Pada waktu terungkap kejadian itu, hingga pada level menteri pun ribut. Katanya, “kasus seperti itu memalukan sekali”. Diakui bahwa mafia tidak boleh dikasih hati. Namun apa yang terjadi? Kasus-kasus tersebut pelan-pelan terulang kembali.

Ada yang dengan guyon malah membuat kita makin bertanya-tanya, benarkah petinggi hukum itu ribut gara-gara tidak tahu, atau pura-pura tidak tahu dengan kenyataan dalam penegakan hukum di negeri kita?

Satjipto Rahardjo (2009) berulang-ulang mengingatkan kita mengenai pentingnya menggunakan “cara-cara yang luar biasa” untuk menghadapi para mafia. Tidak mampu lagi cara-cara yang biasa digunakan untuk menghadapi orang-orang yang melakukan kejahatan yang bertaraf luar biasa. Ia juga mengingatkan pentingnya memperbanyak orang-orang yang bisa melakukan penegakan hukum secara luar biasa. Satjipto Rahardjo sadar bahwa ada oknum yang menegakkan hukum sudah menjadi bagian dari mereka yang menghancurkan hukum.
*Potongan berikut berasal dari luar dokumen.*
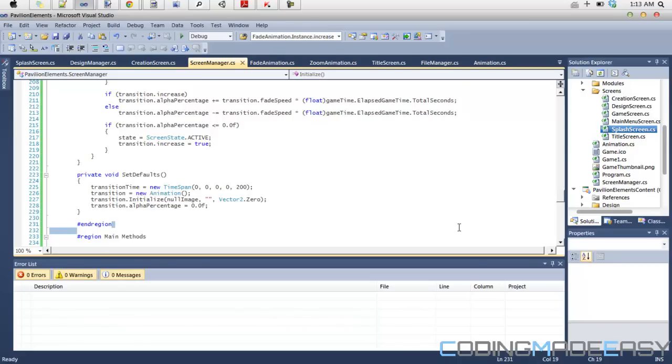Depending on your class, what you choose, like say you choose a knight, the default attack will be like say the power will be at 10 or maybe the defense will be at 5.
Untuk menghadapi kondisi tersebut, sudah tidak cukup lagi dengan proses-proses yang biasa. Kasus tersebut menampakkan kepada kita betapa cara-cara yang luar biasa harus dilakukan dalam menghadapi mafia. Karena para mafia, baik di dalam maupun di luar tahanan atau penjara, sama saja. Di dalam penjara sekalipun, mereka memiliki segenap daya untuk mengontrol semuanya.

Jelas bahwa mafia memiliki kuasa dan jaringan yang menentukan arah kuasa mereka. Ada oknum penegak hukum yang rela menjadi bagian dari mafia. Tidak mungkin penjara terlihat begitu rupa, sekiranya tidak ada keterlibatan oknum di dalamnya. Makanya oknum-oknum seperti itu juga harus ditemukan dengan cara-cara yang luar biasa. Jangan biarkan oknum jaringan mafia menjadi duri dalam daging bagi lembaga hukum di negeri ini.

Jangan biarkan hingga suatu saat, mungkin kita sendiri akan bertanya, pada siapa lagi harapan akan ditaruh, bila di sekeliling kita, pelan-pelan tidak ada lagi yang bisa kita percaya. Tentu, sebelum semuanya terlanjur dianggap biasa, sesuatu yang berdampaik buruk dalam hukum, harus mendapat perhatian kita semuanya. Masing-masing elemen harus memperbaiki terhadap upaya membawa hukum ke arah yang lebih positif.